Dont worry........they wont be calling anytime soon.


----------



## soxrock75 (Jul 26, 2004)

Boston is looking to start 1 more class from the last test (2003) in October or November. Then I hear that they want to hire some more off the new list in the Spring. The Herald had a report on Sunday saying that the force is down over 400+ officers. Add that to the amount of officers that retire every year and they need some help. I heard that they wanted to aggressively hire off of the 2005 test. 

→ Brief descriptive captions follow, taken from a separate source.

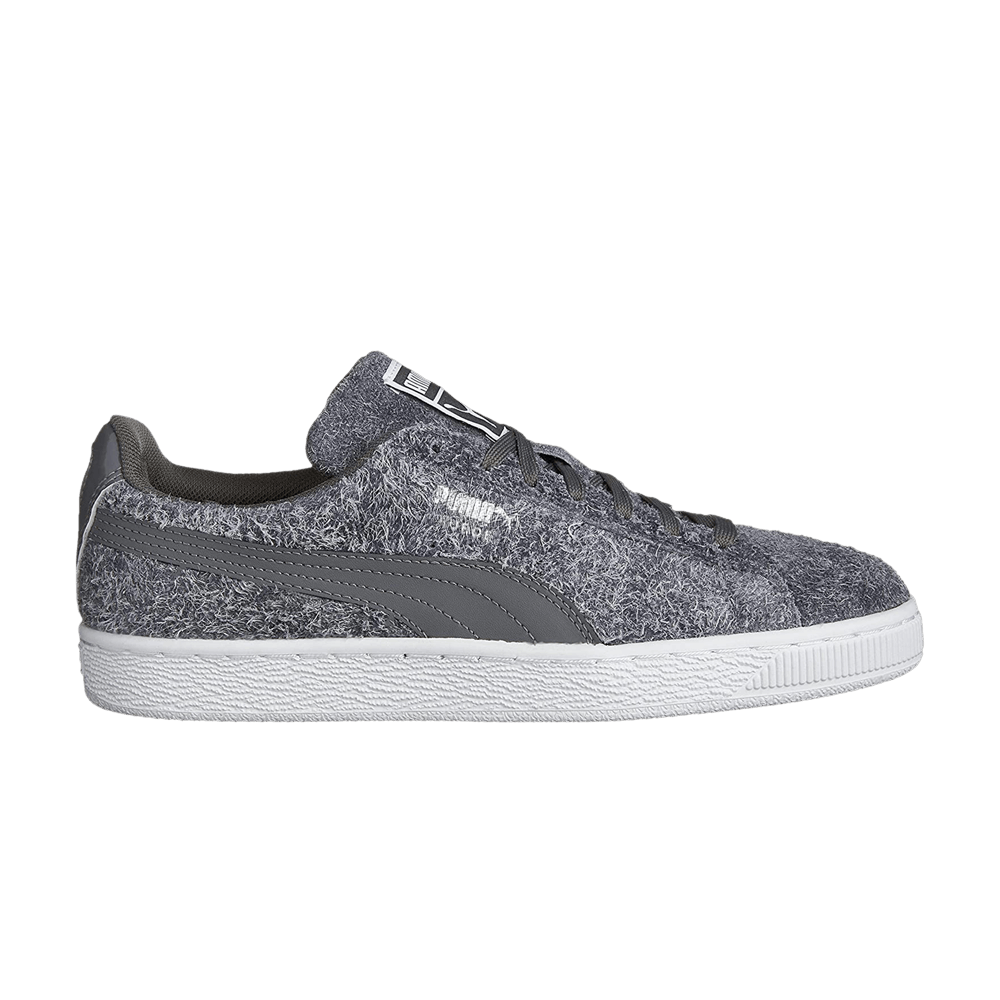 Pre-owned Puma Wmns Suede 'elemental - Steel Grey'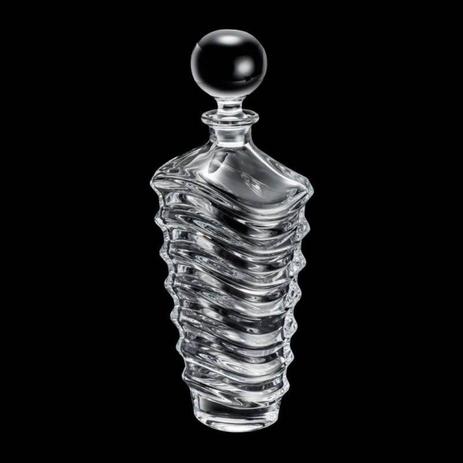 Garrafa de Vidro Wave 750ml Rojemac Transparente Menor preço em Garrafa de Vidro Wave 750ml Rojemac Transparente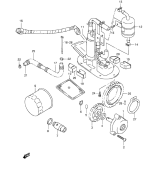 SUZUKI, TL 1000 S W, OEL PUMPE TREIBSTOFF PUMPE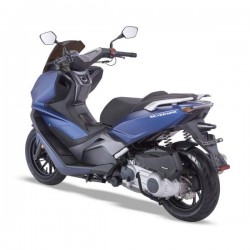 Scooter Silvermax 300 120 km/h Euro 5 scooter azul mate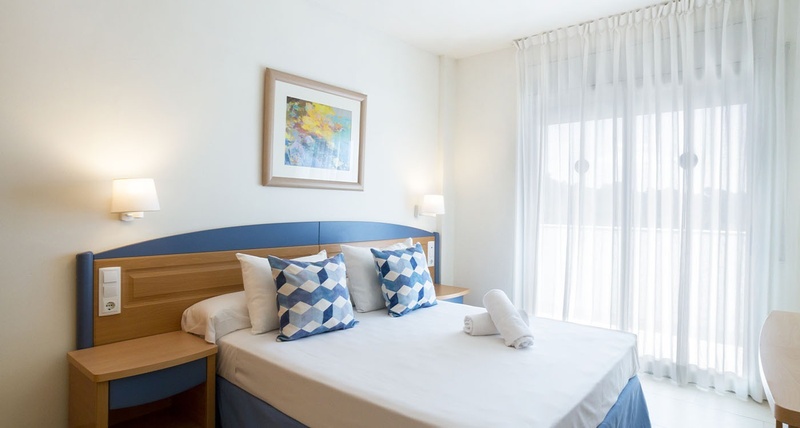 Apartamentos | Ibersol Spa Aqquaria Suites | Web Oficial | Salou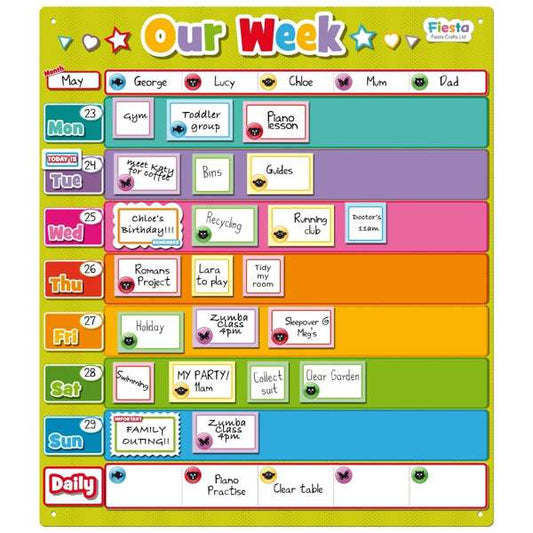 Magnetic Our Week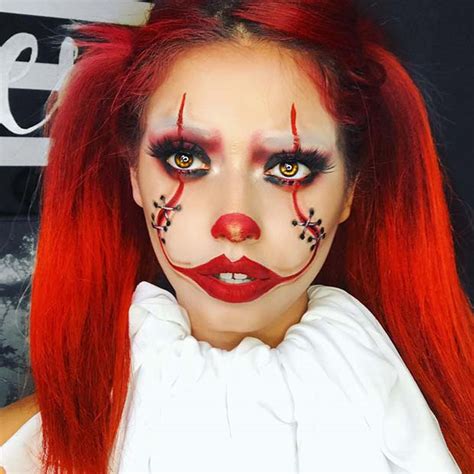 23 Pennywise Makeup Ideas for Halloween - Page 2 of 2 - StayGlam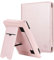 Fintie Custodia per Kobo Clara HD 2018 - Stand Cover Protettiva Case con Card Slot e Hand Strap, Funzione Auto Sveglia/Sonno, Oro Rosa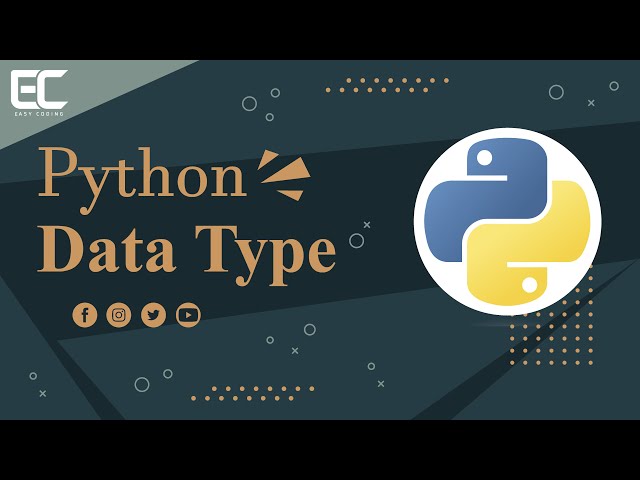Data Type in python | Bangla tutorial | python programming | python tutorial | easycoding
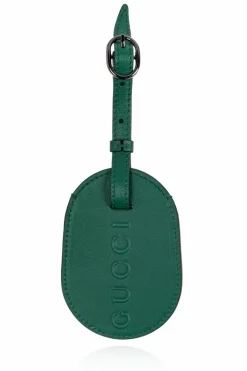 Gucci GREEN Luggage tag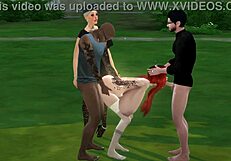 sims 4 adventure with mortimer and duncan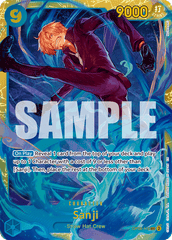 Sanji - OP06-119 - Secret Rare (Reprint) - Wings of the Captain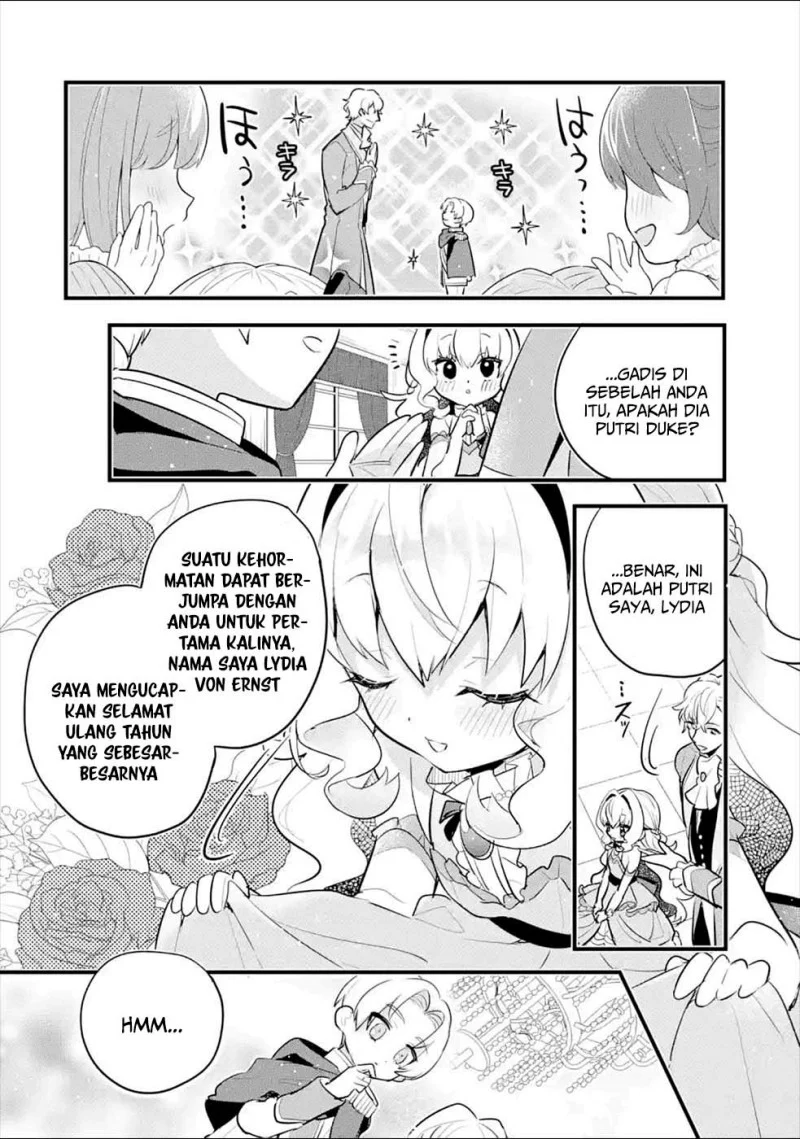 Otome Game no Mob Desura Naindaga Chapter 8 - halaman 26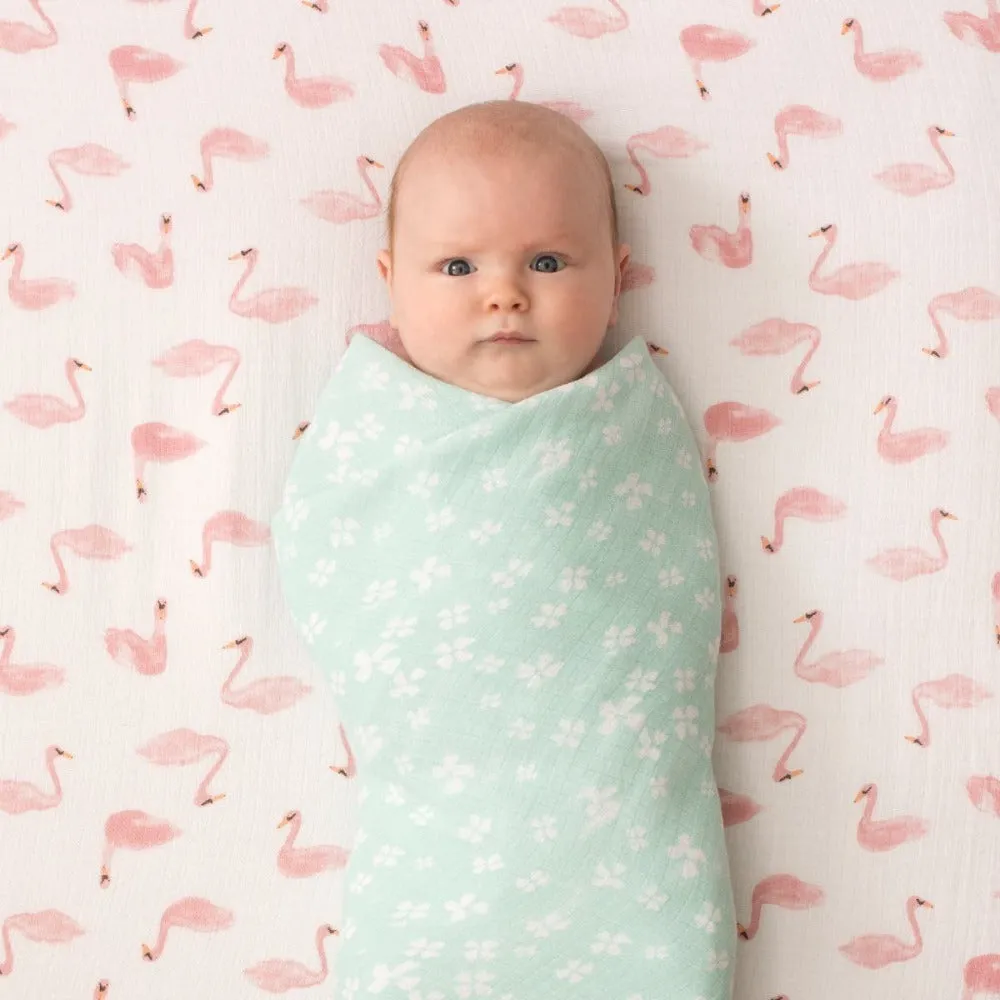 Aden   Anais - Essentials Cotton Muslin Swaddles - 4 pack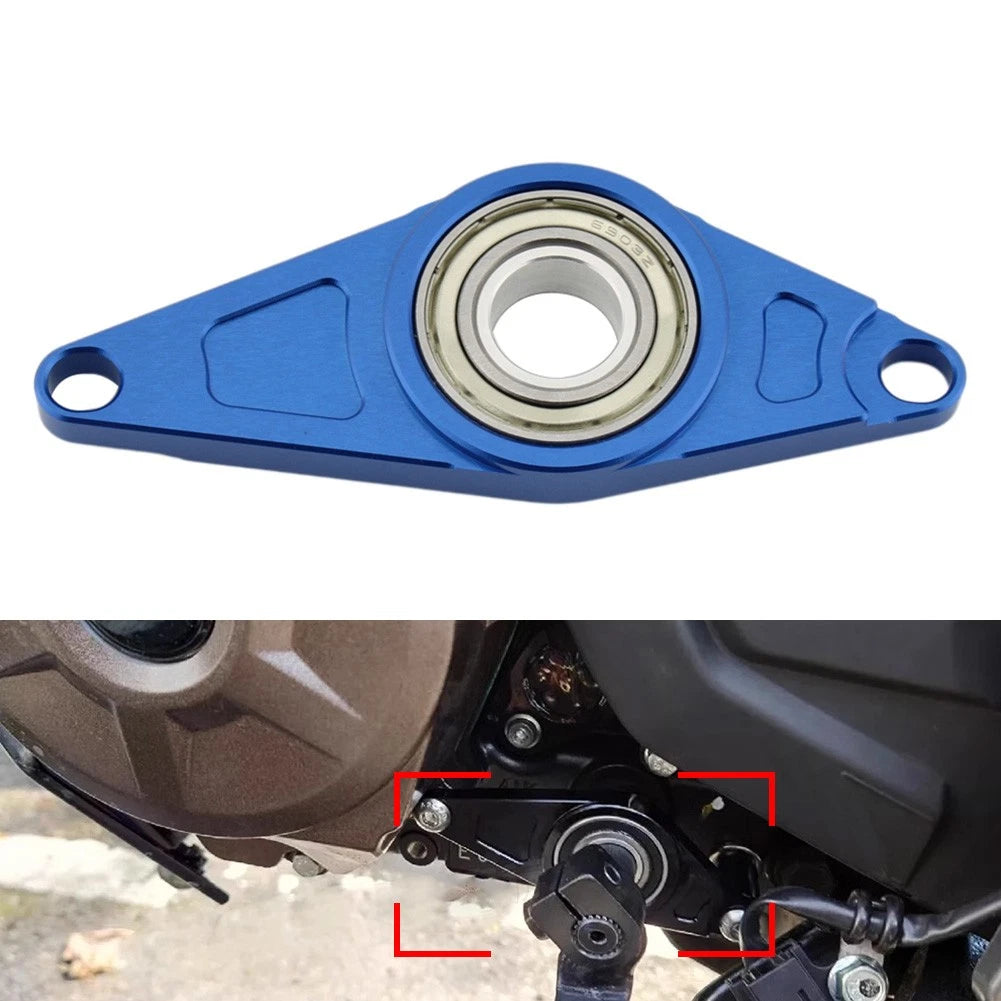 Gear Shift Stabilizer Support Bracket for Suzuki GIXXER 250 V-Strom (2022–2024) Blue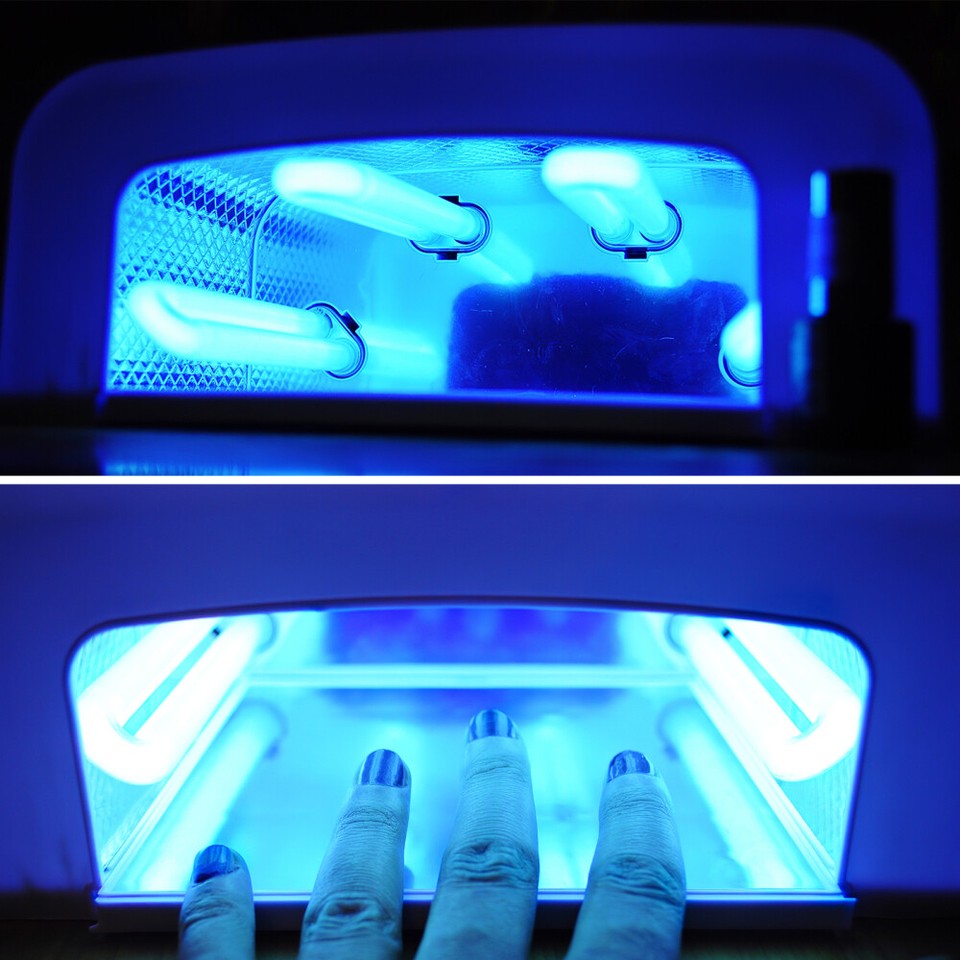 4 Pcs Portable Dryer Lamp Bulb Tube for Nail Art UV Gel Light Bulbs eBay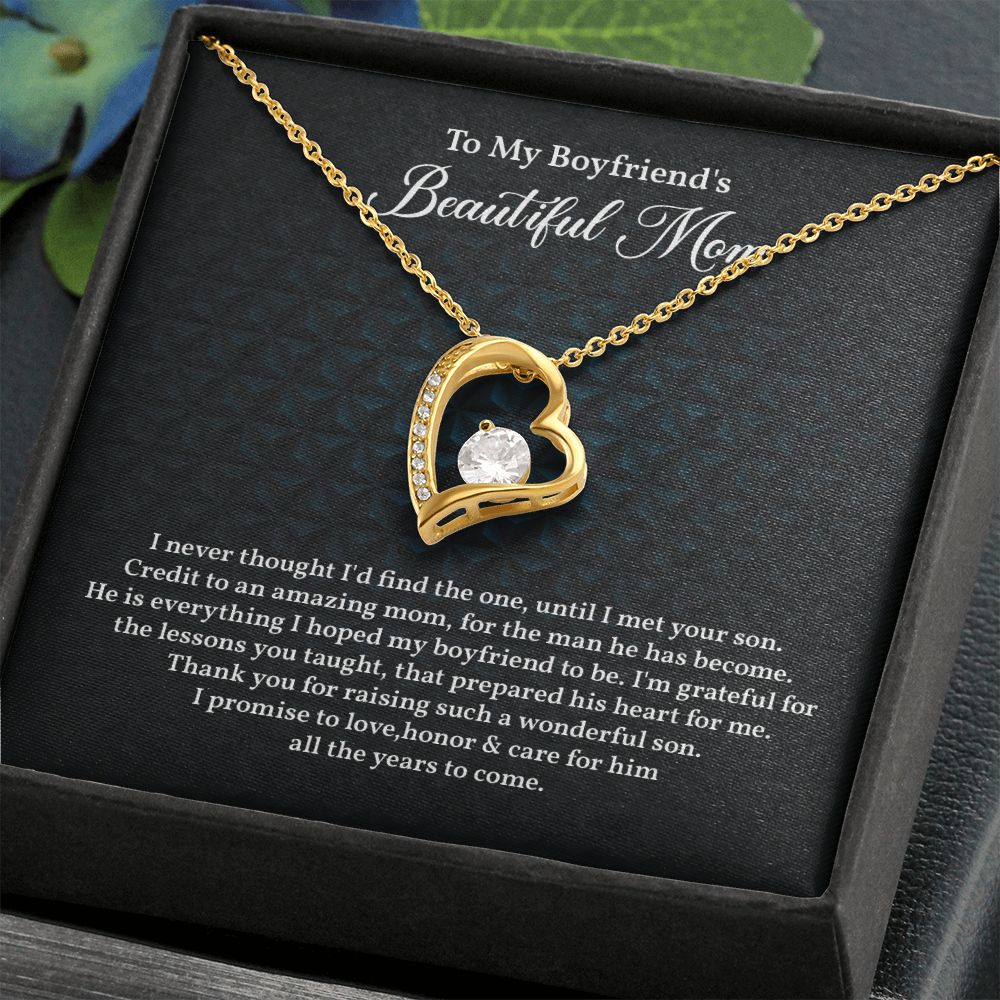 To My Boyfriend's Beautiful Mom I Never Thought I'd The One, Until I Met Your Son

I guess we'll have to wait and see how the rankings shake down and where we stand. On the plus side, the list will not be as big as before when you consider that those under 21 couldn't take the exam. Also, how many vets are going to be home to start the application process??? Many might still be on active duty? Who knows.........


----------



## smd6169 (Aug 23, 2005)

soxrock75 said:


> Boston is looking to start 1 more class from the last test (2003) in October or November. Then I hear that they want to hire some more off the new list in the Spring. The Herald had a report on Sunday saying that the force is down over 400+ officers. Add that to the amount of officers that retire every year and they need some help. I heard that they wanted to aggressively hire off of the 2005 test.
> 
> I guess we'll have to wait and see how the rankings shake down and where we stand. On the plus side, the list will not be as big as before when you consider that those under 21 couldn't take the exam. Also, how many vets are going to be home to start the application process??? Many might still be on active duty? Who knows.........


If they are over 400 officers down and conservitavly lets say they fill 1/2 of those spots, they will probably call the first 400 - 500 on the list. Good point as of those, who knows how is around. I hope my 94 puts me up there!


----------